Le billet de Didier Berret, LQJ 20.07.2024
Le vieux rabbin avait réuni ses plus fidèles disciples devant la place de la synagogue dans la vieille ville de Bratislava. Comme c'était l'hiver, il avait allumé un grand feu autour duquel il les accueillit et les salua l'un après l'autre au fur et à mesure de leur arrivée. Une fois tous présents, il laissa s'installer un temps de silence assez long, très solennel avant de prendre la parole, comme il en avait l'habitude.
Tous étaient pendus à ses lèvres tant sa sagesse était grande, son intelligence brillante et son verbe agréable. Il sortit de sa veste un grand cahier et leur dit: «Voici! À l'intérieur, j'ai consigné toutes mes pensées, toutes mes réflexions, ce que je vous ai enseigné de plus profond durant toutes ces années.»

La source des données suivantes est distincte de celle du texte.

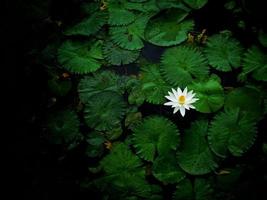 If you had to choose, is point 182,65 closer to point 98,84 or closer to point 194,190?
point 98,84

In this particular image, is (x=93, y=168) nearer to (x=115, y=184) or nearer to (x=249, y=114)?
(x=115, y=184)

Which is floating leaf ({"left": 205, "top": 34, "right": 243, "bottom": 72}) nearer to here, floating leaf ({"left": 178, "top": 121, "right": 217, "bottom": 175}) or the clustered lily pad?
the clustered lily pad

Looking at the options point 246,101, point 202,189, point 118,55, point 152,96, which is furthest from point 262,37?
point 202,189

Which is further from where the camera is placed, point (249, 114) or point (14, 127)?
point (14, 127)

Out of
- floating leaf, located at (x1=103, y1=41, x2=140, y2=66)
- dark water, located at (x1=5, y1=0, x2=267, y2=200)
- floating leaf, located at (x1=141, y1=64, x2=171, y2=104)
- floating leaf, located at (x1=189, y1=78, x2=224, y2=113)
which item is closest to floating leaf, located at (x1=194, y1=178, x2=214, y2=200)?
dark water, located at (x1=5, y1=0, x2=267, y2=200)

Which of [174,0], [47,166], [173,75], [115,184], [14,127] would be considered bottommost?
[115,184]

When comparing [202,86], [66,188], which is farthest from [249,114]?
[66,188]

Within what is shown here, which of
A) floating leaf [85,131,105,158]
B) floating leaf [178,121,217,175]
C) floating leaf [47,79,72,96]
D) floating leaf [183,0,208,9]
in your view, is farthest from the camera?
floating leaf [183,0,208,9] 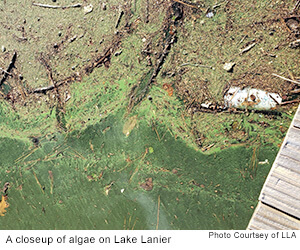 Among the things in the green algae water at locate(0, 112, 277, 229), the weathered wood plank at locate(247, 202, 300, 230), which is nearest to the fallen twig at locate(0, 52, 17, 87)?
the green algae water at locate(0, 112, 277, 229)

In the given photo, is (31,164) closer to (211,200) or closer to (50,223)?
(50,223)

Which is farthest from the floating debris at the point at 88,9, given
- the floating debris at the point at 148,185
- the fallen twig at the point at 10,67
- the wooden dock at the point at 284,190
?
the wooden dock at the point at 284,190

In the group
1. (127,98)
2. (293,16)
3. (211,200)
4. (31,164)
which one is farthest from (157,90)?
(31,164)

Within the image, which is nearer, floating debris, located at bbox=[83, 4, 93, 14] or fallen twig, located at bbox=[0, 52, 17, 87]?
floating debris, located at bbox=[83, 4, 93, 14]

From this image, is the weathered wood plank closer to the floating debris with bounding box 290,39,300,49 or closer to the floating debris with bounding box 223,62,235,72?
the floating debris with bounding box 223,62,235,72

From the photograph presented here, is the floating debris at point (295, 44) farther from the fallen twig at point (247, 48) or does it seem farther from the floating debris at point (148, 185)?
the floating debris at point (148, 185)

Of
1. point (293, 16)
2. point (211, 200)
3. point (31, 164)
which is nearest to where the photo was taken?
point (293, 16)

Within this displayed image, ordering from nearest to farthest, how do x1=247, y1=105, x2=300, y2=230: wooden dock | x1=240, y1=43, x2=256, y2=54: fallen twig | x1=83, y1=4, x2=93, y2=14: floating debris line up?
x1=247, y1=105, x2=300, y2=230: wooden dock → x1=240, y1=43, x2=256, y2=54: fallen twig → x1=83, y1=4, x2=93, y2=14: floating debris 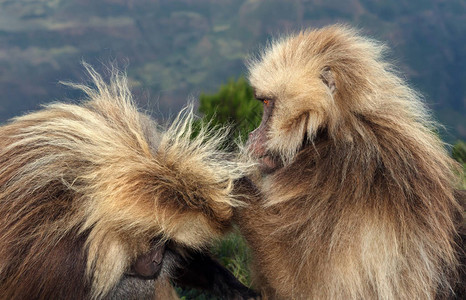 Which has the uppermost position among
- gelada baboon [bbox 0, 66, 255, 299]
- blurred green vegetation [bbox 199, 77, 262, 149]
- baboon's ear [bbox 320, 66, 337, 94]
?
baboon's ear [bbox 320, 66, 337, 94]

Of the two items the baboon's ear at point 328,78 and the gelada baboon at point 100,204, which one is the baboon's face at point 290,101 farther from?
the gelada baboon at point 100,204

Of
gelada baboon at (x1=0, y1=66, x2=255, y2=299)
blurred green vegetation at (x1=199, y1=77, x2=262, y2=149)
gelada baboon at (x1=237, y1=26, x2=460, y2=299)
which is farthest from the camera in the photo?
blurred green vegetation at (x1=199, y1=77, x2=262, y2=149)

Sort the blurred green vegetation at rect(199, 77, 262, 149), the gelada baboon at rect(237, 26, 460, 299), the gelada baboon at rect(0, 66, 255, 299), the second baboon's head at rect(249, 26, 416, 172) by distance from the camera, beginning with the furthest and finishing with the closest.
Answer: the blurred green vegetation at rect(199, 77, 262, 149) → the second baboon's head at rect(249, 26, 416, 172) → the gelada baboon at rect(237, 26, 460, 299) → the gelada baboon at rect(0, 66, 255, 299)

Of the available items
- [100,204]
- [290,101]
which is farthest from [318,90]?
[100,204]

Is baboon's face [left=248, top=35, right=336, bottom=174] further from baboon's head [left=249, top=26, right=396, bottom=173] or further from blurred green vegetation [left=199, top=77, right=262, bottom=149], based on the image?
blurred green vegetation [left=199, top=77, right=262, bottom=149]

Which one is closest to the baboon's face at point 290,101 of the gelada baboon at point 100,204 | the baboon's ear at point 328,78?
the baboon's ear at point 328,78

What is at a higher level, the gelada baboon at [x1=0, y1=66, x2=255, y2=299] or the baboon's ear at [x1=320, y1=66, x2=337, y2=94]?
the baboon's ear at [x1=320, y1=66, x2=337, y2=94]

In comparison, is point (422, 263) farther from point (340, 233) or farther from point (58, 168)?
point (58, 168)

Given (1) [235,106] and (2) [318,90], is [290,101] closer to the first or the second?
(2) [318,90]

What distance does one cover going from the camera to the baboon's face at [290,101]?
3.29 metres

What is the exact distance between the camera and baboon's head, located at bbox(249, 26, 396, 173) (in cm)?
327

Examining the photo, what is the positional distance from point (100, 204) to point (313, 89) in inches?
56.3

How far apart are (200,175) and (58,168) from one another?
30.8 inches

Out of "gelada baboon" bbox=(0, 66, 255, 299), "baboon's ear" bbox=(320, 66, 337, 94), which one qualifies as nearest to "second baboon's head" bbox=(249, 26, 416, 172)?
"baboon's ear" bbox=(320, 66, 337, 94) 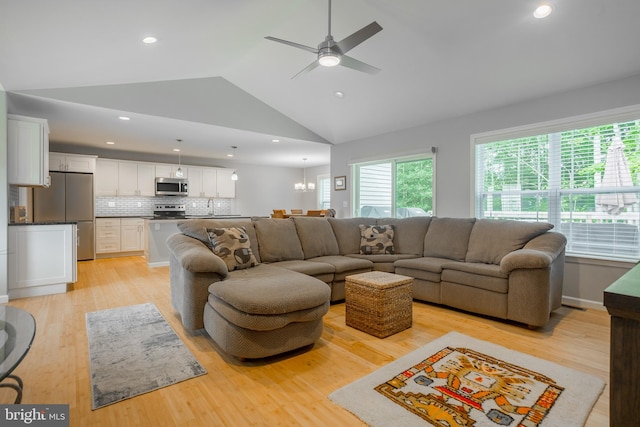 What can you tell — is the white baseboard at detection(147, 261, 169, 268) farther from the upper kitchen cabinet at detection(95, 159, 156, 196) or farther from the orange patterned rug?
the orange patterned rug

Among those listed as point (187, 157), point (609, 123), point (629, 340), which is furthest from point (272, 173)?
point (629, 340)

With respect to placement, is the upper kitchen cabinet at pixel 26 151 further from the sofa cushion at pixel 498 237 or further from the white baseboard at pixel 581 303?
the white baseboard at pixel 581 303

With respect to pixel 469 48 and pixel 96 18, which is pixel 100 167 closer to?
pixel 96 18

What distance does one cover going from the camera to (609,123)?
3432 mm

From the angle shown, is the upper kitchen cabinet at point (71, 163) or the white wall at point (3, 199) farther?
the upper kitchen cabinet at point (71, 163)

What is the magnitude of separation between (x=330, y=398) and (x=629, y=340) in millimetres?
1476

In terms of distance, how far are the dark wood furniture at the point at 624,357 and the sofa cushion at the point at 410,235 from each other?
11.5ft

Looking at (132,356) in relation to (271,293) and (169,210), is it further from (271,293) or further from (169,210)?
(169,210)

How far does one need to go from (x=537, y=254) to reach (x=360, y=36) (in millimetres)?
2427

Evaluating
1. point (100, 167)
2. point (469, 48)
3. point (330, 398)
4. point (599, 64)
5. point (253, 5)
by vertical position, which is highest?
point (253, 5)

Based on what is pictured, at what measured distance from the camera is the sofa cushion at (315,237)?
13.3ft

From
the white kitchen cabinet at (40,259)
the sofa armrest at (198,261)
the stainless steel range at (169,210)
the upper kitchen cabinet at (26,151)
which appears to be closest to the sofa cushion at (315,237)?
the sofa armrest at (198,261)

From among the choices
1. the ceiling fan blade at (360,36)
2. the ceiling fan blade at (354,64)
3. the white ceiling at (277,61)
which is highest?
the white ceiling at (277,61)

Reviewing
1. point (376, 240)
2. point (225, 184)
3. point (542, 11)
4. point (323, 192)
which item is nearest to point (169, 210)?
point (225, 184) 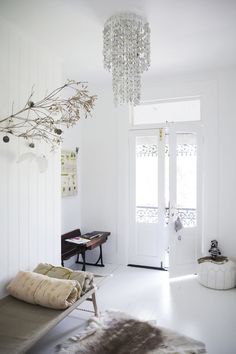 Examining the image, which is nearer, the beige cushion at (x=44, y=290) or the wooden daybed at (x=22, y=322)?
the wooden daybed at (x=22, y=322)

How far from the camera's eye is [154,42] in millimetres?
2852

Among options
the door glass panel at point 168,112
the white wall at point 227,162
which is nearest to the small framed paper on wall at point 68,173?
the door glass panel at point 168,112

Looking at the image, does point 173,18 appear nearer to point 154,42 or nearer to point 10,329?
point 154,42

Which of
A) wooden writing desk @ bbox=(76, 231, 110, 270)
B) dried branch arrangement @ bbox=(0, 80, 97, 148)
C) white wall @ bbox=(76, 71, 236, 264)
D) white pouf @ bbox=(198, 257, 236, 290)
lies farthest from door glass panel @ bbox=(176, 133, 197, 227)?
dried branch arrangement @ bbox=(0, 80, 97, 148)

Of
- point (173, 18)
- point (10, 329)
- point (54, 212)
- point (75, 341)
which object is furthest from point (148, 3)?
point (75, 341)

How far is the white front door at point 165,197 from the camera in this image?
3.86 meters

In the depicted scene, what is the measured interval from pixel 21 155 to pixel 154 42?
1.86 metres

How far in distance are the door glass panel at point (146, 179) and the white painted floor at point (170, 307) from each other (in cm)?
91

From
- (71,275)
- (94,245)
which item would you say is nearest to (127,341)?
(71,275)

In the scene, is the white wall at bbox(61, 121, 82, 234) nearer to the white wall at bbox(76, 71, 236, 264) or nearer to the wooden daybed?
the white wall at bbox(76, 71, 236, 264)

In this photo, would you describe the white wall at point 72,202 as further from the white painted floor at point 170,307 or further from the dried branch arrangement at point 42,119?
the dried branch arrangement at point 42,119

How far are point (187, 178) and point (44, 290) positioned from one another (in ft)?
8.23

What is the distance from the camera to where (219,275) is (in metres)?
3.35

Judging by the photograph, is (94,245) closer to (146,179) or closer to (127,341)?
(146,179) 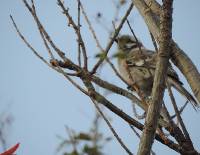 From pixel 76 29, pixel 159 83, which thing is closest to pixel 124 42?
pixel 76 29

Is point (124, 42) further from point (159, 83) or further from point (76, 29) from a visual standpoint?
point (159, 83)

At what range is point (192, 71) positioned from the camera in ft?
9.33

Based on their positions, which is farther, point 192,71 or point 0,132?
point 0,132

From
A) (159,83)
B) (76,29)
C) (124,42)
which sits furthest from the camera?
(124,42)

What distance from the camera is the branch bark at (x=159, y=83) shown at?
2283 millimetres

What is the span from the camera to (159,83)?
2.35 meters

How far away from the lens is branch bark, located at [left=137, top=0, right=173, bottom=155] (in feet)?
7.49

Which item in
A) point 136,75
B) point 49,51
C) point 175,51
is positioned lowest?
point 49,51

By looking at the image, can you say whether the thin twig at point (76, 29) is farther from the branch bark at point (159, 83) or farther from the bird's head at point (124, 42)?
the branch bark at point (159, 83)

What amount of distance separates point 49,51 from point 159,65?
99 centimetres

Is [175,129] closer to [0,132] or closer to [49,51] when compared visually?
[49,51]

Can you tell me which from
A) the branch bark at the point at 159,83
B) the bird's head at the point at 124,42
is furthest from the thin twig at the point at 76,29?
the branch bark at the point at 159,83

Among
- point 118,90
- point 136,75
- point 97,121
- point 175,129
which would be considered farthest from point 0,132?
point 136,75

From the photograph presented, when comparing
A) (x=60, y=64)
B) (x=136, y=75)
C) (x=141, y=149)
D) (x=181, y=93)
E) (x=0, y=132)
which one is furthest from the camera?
(x=136, y=75) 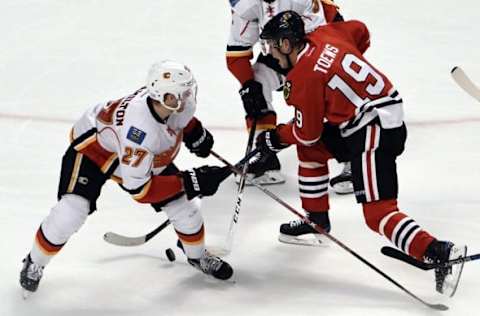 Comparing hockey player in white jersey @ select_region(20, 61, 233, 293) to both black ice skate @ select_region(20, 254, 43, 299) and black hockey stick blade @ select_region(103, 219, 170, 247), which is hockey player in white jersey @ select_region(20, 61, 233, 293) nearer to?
black ice skate @ select_region(20, 254, 43, 299)

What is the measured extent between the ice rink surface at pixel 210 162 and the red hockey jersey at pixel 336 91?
53 centimetres

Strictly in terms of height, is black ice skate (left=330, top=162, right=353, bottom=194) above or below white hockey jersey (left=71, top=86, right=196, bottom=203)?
below

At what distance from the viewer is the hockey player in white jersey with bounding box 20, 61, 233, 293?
2689 millimetres

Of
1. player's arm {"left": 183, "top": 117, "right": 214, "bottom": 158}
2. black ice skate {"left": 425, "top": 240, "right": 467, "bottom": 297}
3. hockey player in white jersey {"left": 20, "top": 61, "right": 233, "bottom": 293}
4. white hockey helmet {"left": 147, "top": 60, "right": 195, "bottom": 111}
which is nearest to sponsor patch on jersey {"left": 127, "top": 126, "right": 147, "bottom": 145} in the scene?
hockey player in white jersey {"left": 20, "top": 61, "right": 233, "bottom": 293}

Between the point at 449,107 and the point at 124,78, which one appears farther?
the point at 124,78

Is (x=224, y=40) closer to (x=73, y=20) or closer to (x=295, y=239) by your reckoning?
(x=73, y=20)

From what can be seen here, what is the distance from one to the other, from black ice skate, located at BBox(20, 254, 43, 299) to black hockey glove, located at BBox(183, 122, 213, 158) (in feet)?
2.18

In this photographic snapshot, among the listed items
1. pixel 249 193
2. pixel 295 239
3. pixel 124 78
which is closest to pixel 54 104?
pixel 124 78

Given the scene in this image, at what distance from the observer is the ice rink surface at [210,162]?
291 cm

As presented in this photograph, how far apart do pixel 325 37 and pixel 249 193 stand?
971 millimetres

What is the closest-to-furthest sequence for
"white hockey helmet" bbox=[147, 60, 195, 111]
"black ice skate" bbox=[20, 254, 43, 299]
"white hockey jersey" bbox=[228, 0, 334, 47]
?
"white hockey helmet" bbox=[147, 60, 195, 111]
"black ice skate" bbox=[20, 254, 43, 299]
"white hockey jersey" bbox=[228, 0, 334, 47]

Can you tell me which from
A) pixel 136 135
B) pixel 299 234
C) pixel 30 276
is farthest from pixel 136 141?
pixel 299 234

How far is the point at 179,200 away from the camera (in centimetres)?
287

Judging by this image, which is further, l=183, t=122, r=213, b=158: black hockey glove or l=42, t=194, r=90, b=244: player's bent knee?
l=183, t=122, r=213, b=158: black hockey glove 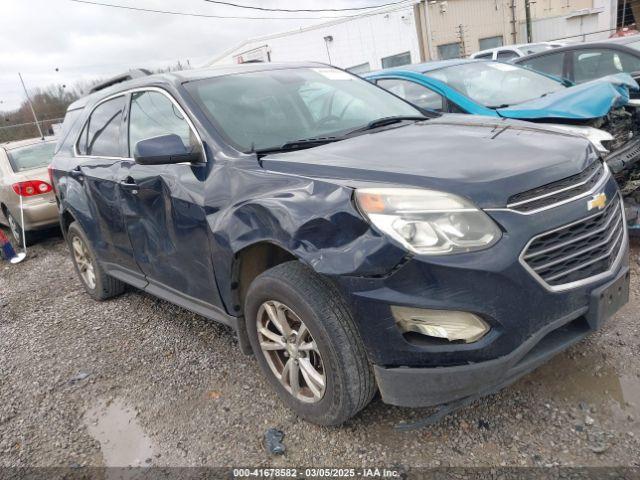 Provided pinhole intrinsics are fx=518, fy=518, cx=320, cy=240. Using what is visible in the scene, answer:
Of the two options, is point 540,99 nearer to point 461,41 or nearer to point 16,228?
point 16,228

À peine eut-il terminé sa phrase qu'à la stupeur générale, il jeta son livre au feu. Un homme eut le réflexe de se précipiter mais il le retint fermement et dit: «Laisse-le brûler! Vous n'avez pas à penser comme moi, chacun de vous doit faire son propre chemin avec l'aide des autres.» Puis il ajouta cette phrase devenue célèbre: «Ne demande jamais ton chemin à quelqu'un qui le connaît, tu n'aurais pas la chance de te perdre.» L'histoire est vraie. Le rabbin s'appelait Nahman, il n'a laissé aucun écrit mais il a peut-être inspiré Philippe Geluck qui a placé dans une bulle du Chat cette réplique savoureuse digne du rabbin de Bratislava et que ni Socrate ni Jésus n'auraient reniée: «C'est en errant ensemble qu'on devient co-errant.»
En vous souhaitant un bel été avec des lieux de paroles constructifs.